Tempolimit: Warum nur 130 km/h?

15.1.2020, 16:25 Uhr
Tempolimit: Warum nur 130 km/h?

© ampnet/ACE

So sicher wie das Amen in der Kirche ist die von SPD und Grünen angestoßene Tempolimit-Diskussion nicht für alle Zeiten abgehakt. Nur noch 130 km/h soll auf Autobahnen gefahren werden. Dabei stellt sich die Frage, warum man ausgerechnet an dieser Geschwindigkeit festhält - und sozusagen zur Gewöhnung und zum Test nicht auf ein etwas höheres Limit setzt. Für eine weniger strenge Art der Beschränkungen gibt es durchaus gute Argumente.

Argumente aus Österreich

Das interessanteste dieser Argumente kommt aus Österreich. Dort gilt auf den meisten Strecken ein Tempolimit von 130 km/h. Doch ein Großversuch, bei dem ein 140er-Limit getestet wurde, hatte erstaunlich positive Ergebnisse zur Folge.
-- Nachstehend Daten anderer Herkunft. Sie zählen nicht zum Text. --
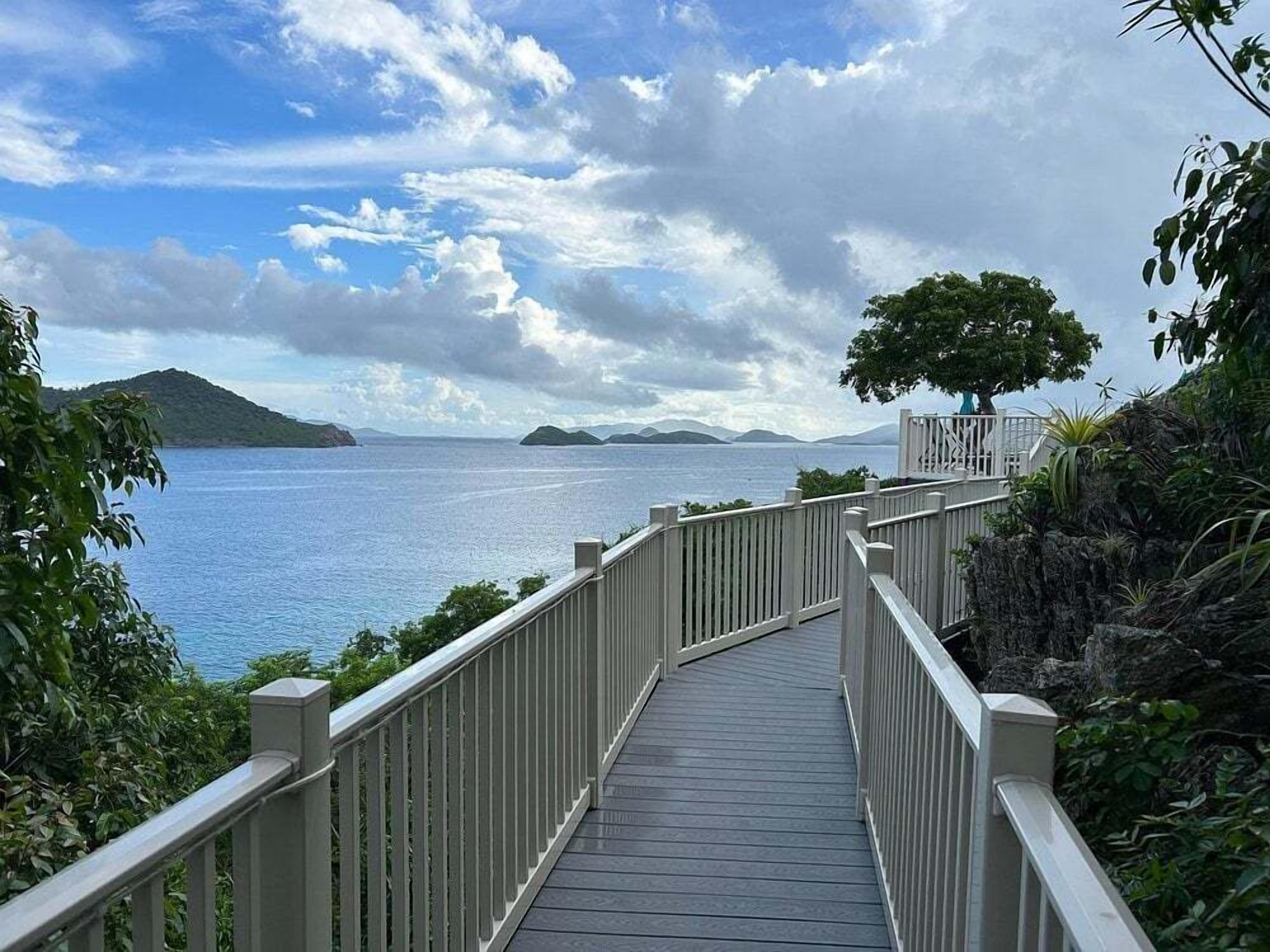 A wooden pathway leading to a viewpoint overlooking a body of water with distant landforms.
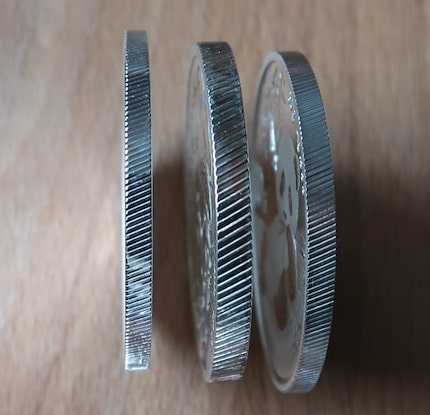 A comparison between two authentic Chinese Silver Pandas and one counterfeit silver Pandas by comparing their thickness.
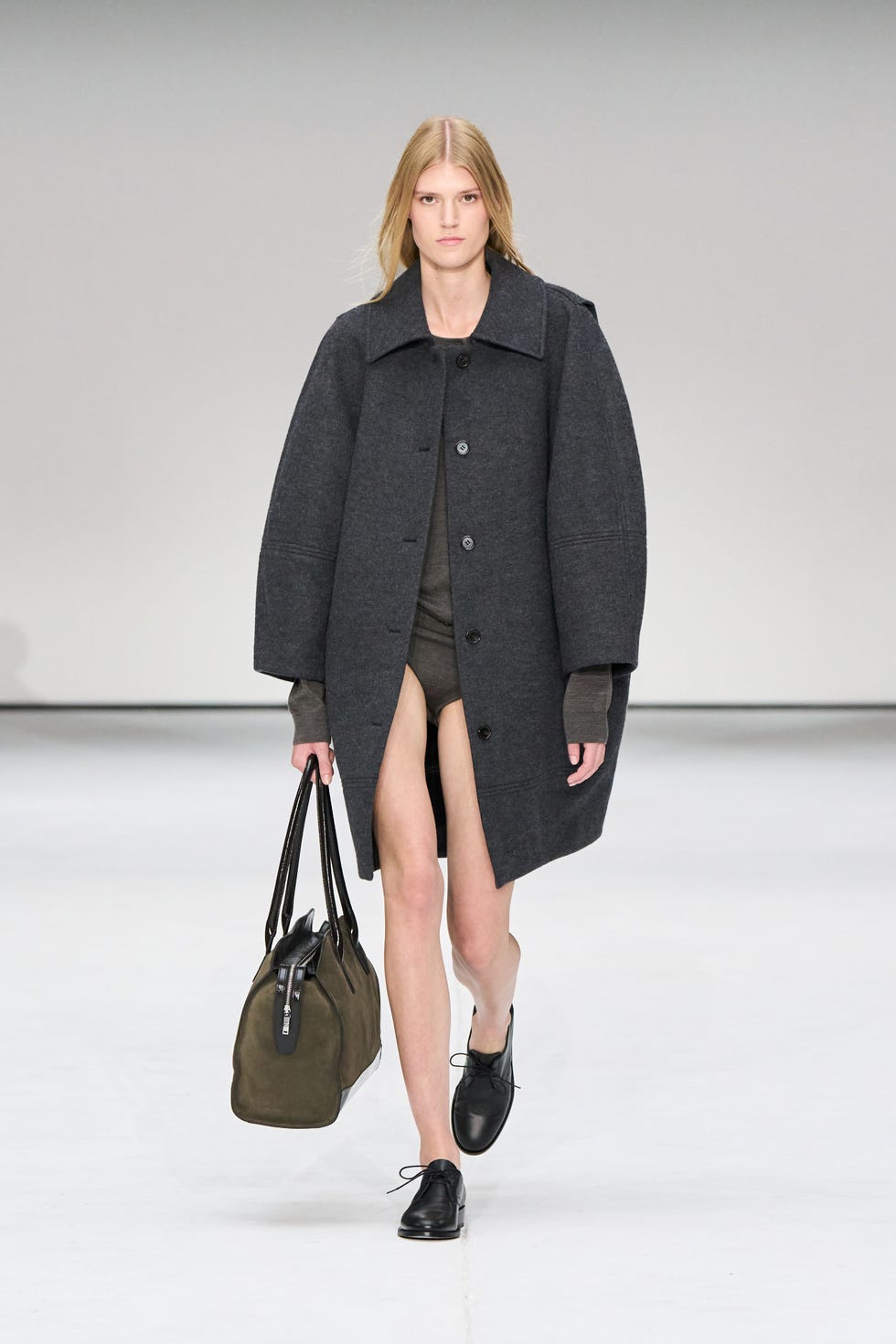 fashion model showcasing an oversized dark gray coat accompanied by a green handbag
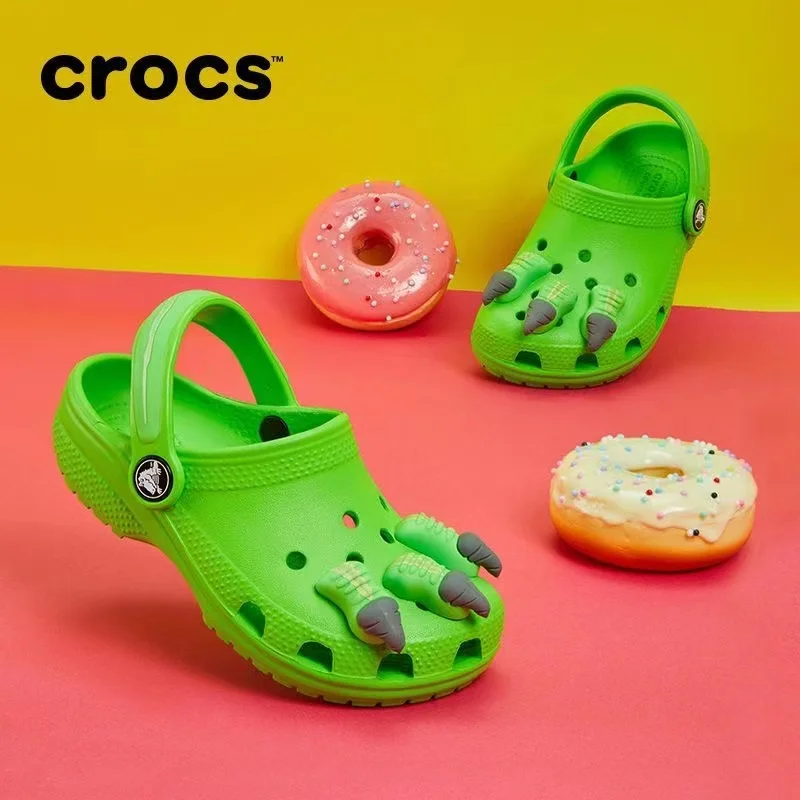 Original Crocs chico dinosaurio Kawaii dibujos animados lindos niñas niños sandalias niños zapatillas zapatos con agujeros antideslizantes playa hogar zapatos regalo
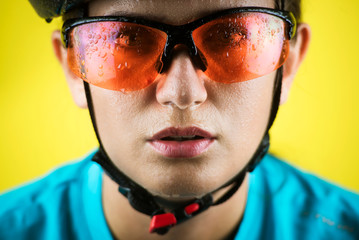 Fototapeta premium Close-up portrait of female cyclist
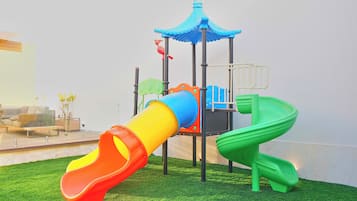 Un parque infantil con un tobogán, una estructura de escalada y un pequeño pabellón.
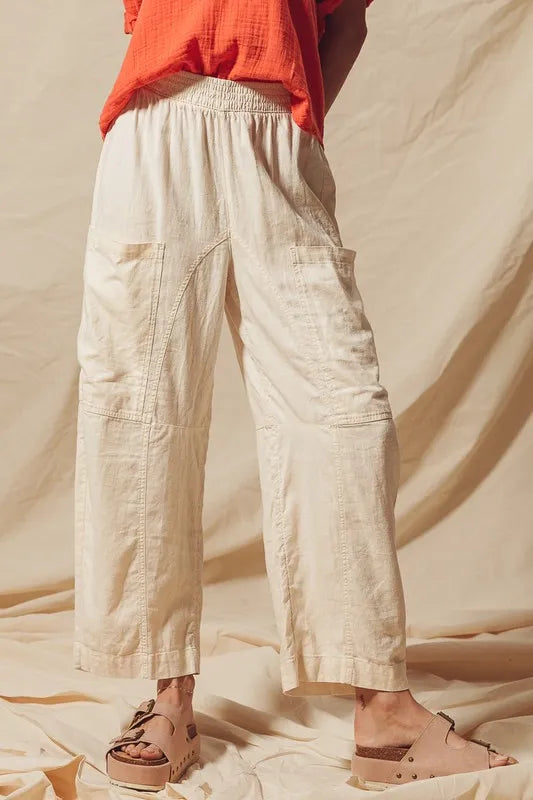 Made from a blend of cotton and linen, these natural color pants offer a breathable and textured fabric that is perfect for casual wear. The slouchy fit and wide legs provide a relaxed and trendy look.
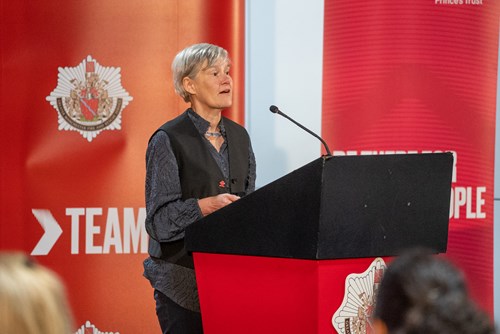 An image of Kate Green standing at a lectern in front of a GMFRS banner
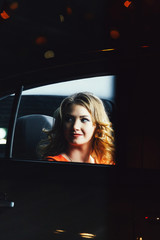 Fototapeta na wymiar Stunning blonde woman in a car at night.a woman in the back seat of a car on a background of the night fire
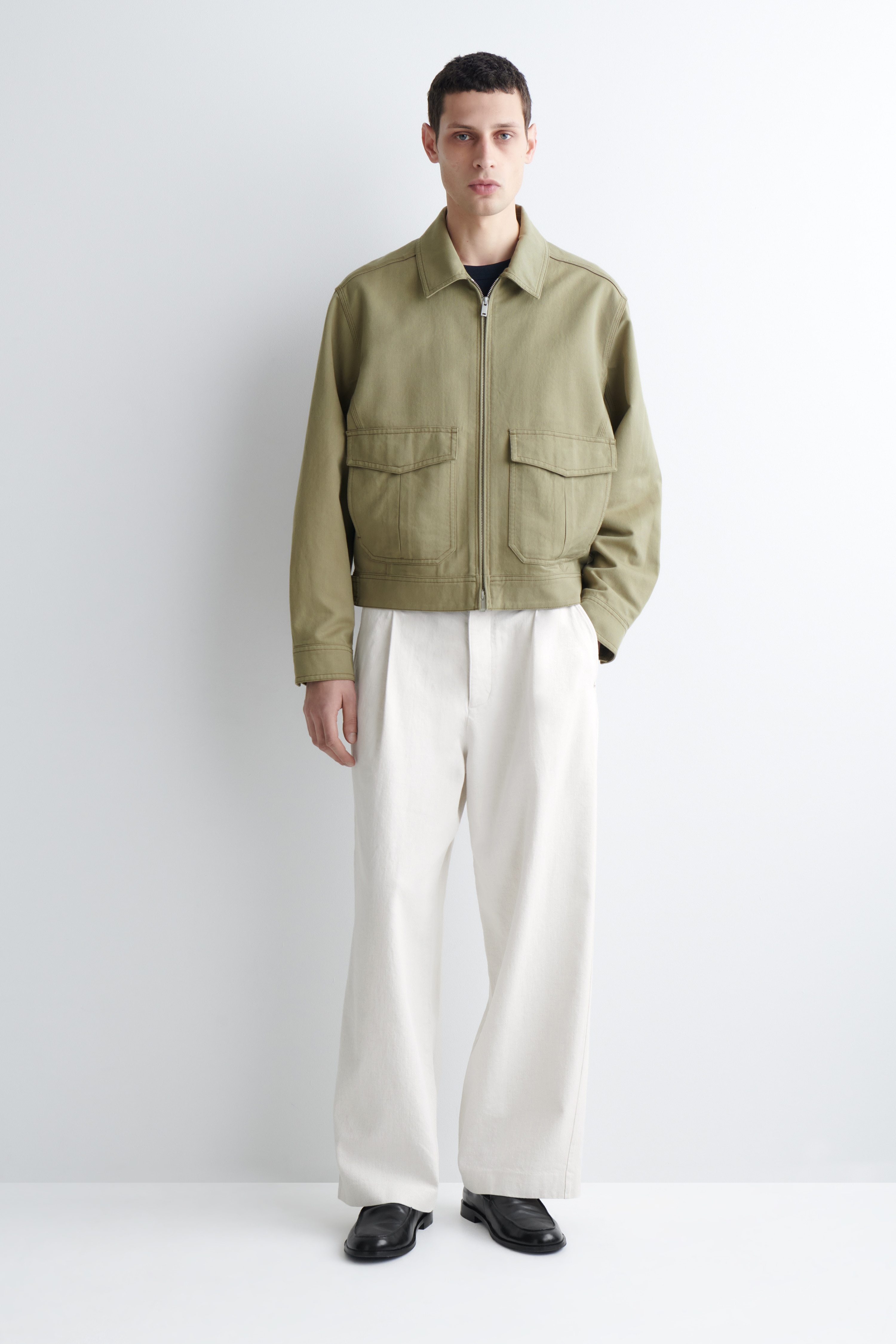 PANTALONI IN DENIM A GAMBA LARGA CON PIEGA - BIANCO/INDACO/NERO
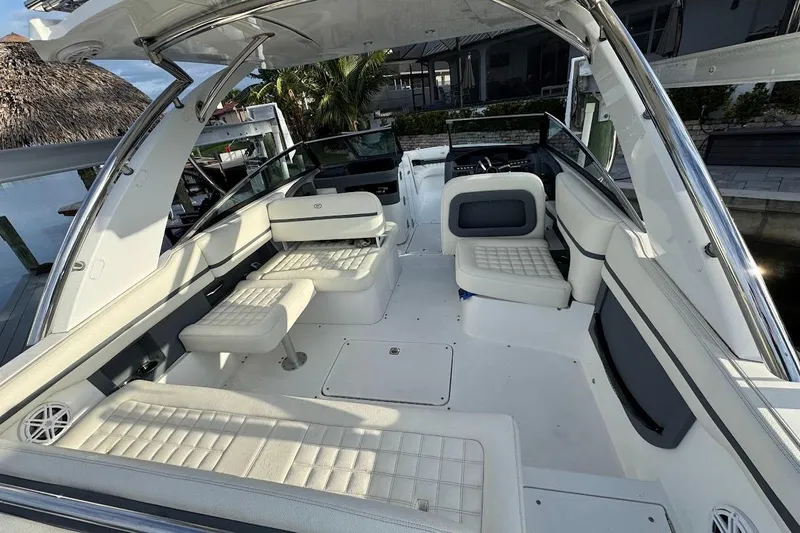  Yacht Photos Pics 2018 Cobalt 30SC boat interior with white seating and modern design.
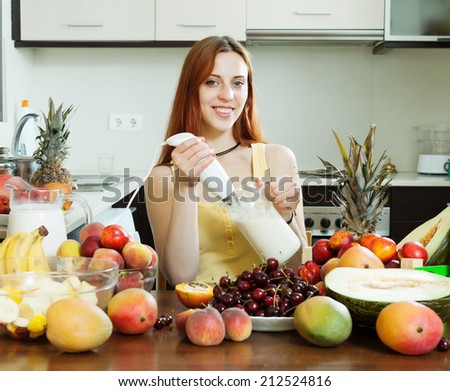 woman making fresh milk cocktail with blender from fruits at domestic kitchen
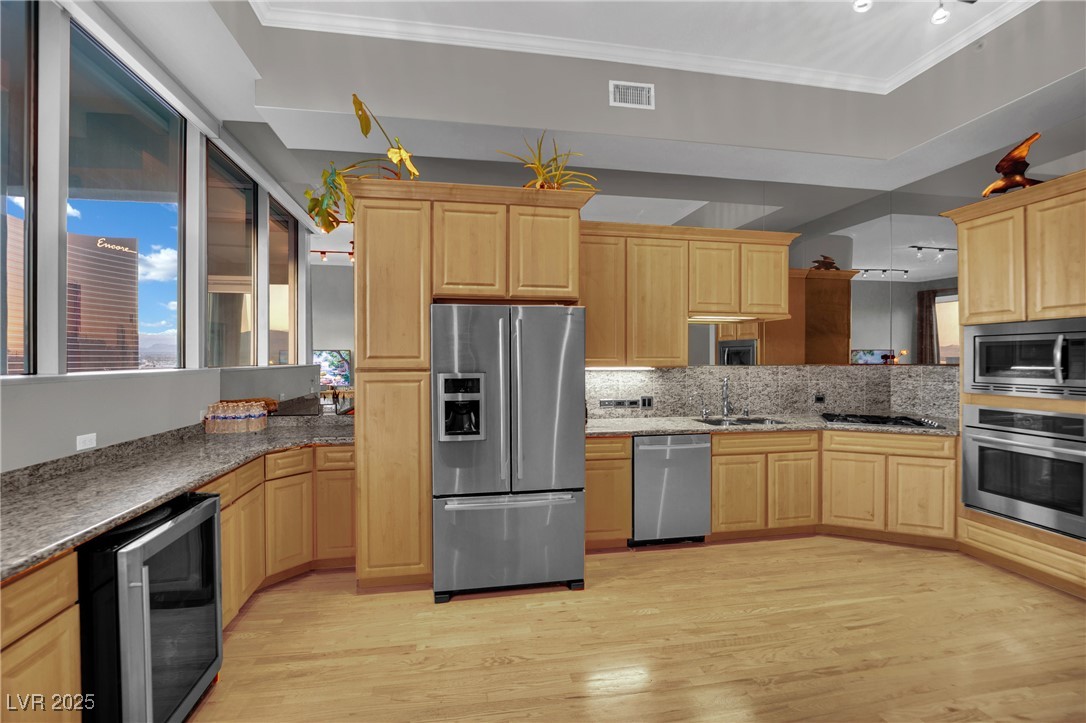 360 East Desert Inn Road, Unit 1803 Las Vegas, NV 89109 - Photo 39 of 67 Kitchen featuring appliances with stainless steel finishes, beverage cooler, light brown cabinets, light wood-type flooring, and crown molding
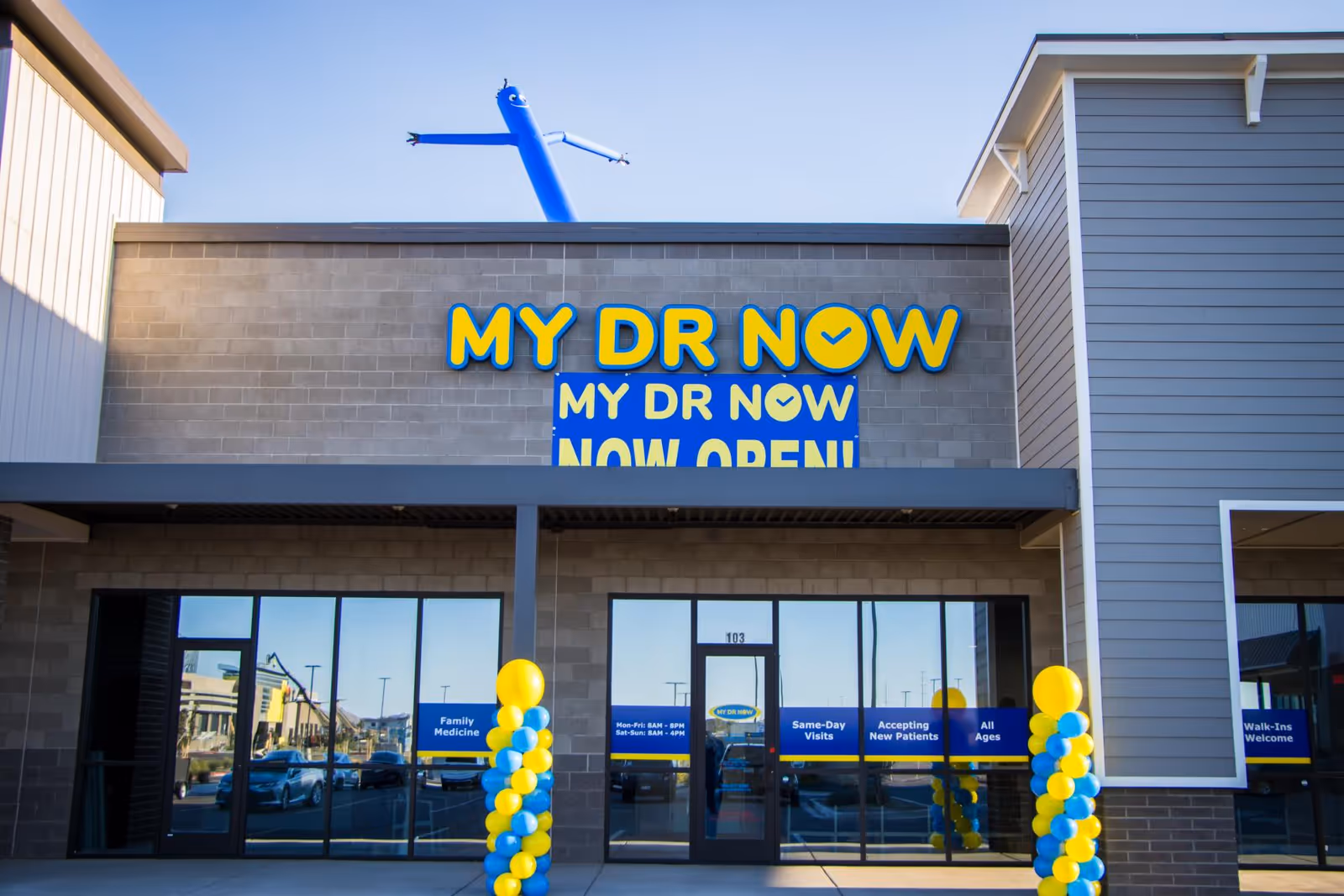 Front view of MY DR NOW building with blue and yellow sign, balloons, and open banner.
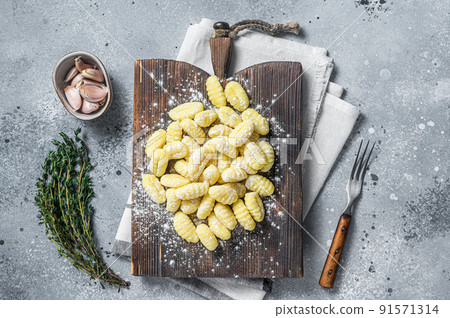Raw homemade potato gnocchi with fork on wooden cutting board. Gray background. Top view Raw homemade potato gnocchi with fork on wooden cutting board. Gray background. Top view 91571314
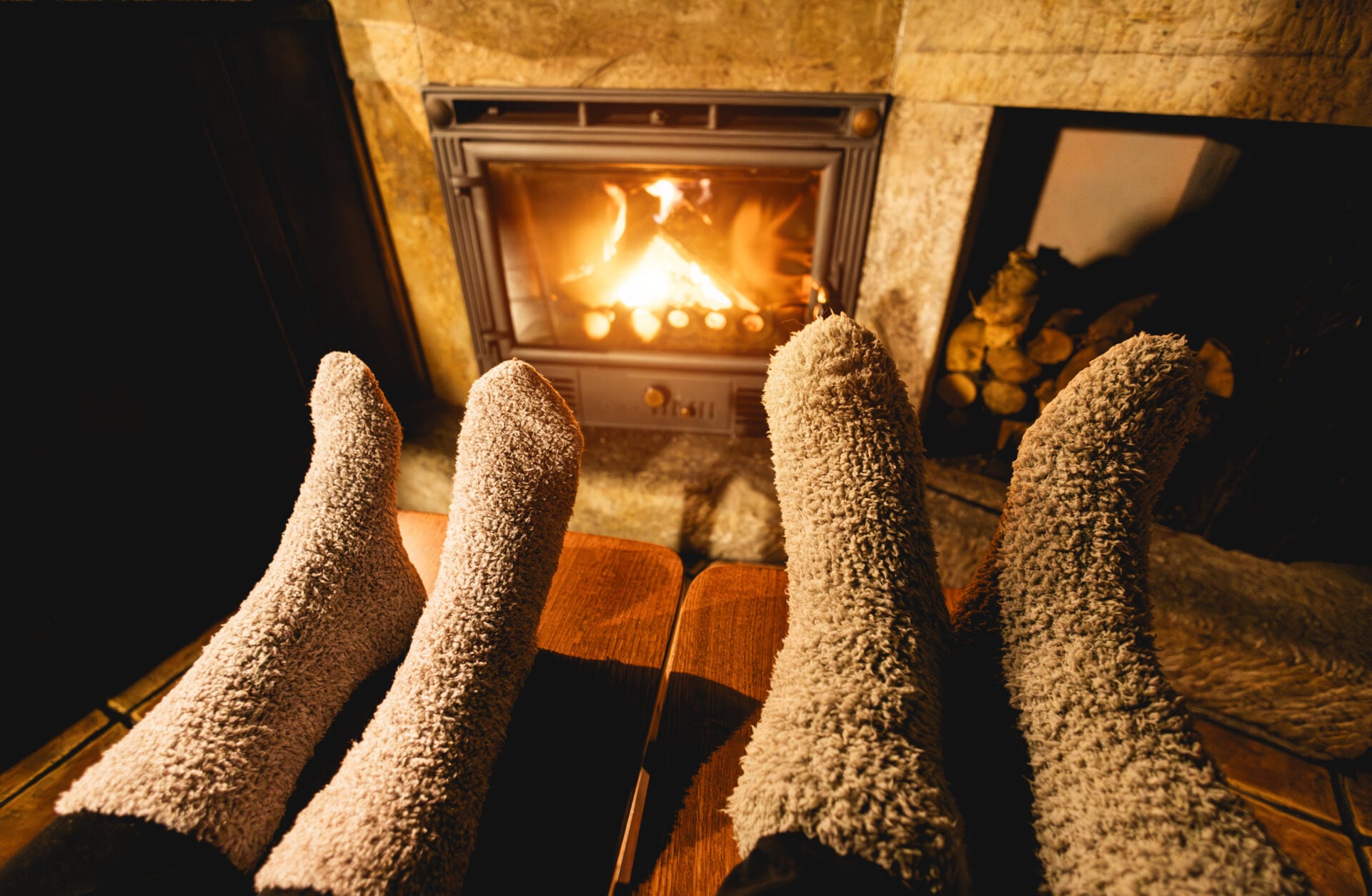 Legs view of couple wearing warm socks while resting in front of fireplace - Winter lifestyle and cozy concept - Main focus on right wool socks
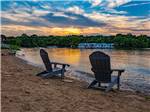 Two chairs overlooking the water at FOUR CORNERS RV RESORT - thumbnail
Die Fakten: Auf zwei Abschnitten der A1, der sogenannten "Westautobahn", wurde eine Limit-Erhöhung auf 140 km/h veranlasst. So geschehen zwischen dem sehr stark befahrenen Abschnitt zwischen Sattledt und Knoten Haid (nahe Linz in Oberösterreich) und einer längeren Passage zwischen Oed und Melk in Niederösterreich.

Rückläufige Unfallzahlen

Die Asfinag, in unserem Nachbarland für die Autobahnen zuständig, konnte daraufhin melden: Keinerlei Auffälligkeiten bei Unfällen. Und: Vorher-Nachher-Vergleich der Luftgüte-Messungen ohne signifikante Änderungen. Noch besser: Im längsten Abschnitt in Niederösterreich ging die Zahl der Unfälle sogar deutlich zurück.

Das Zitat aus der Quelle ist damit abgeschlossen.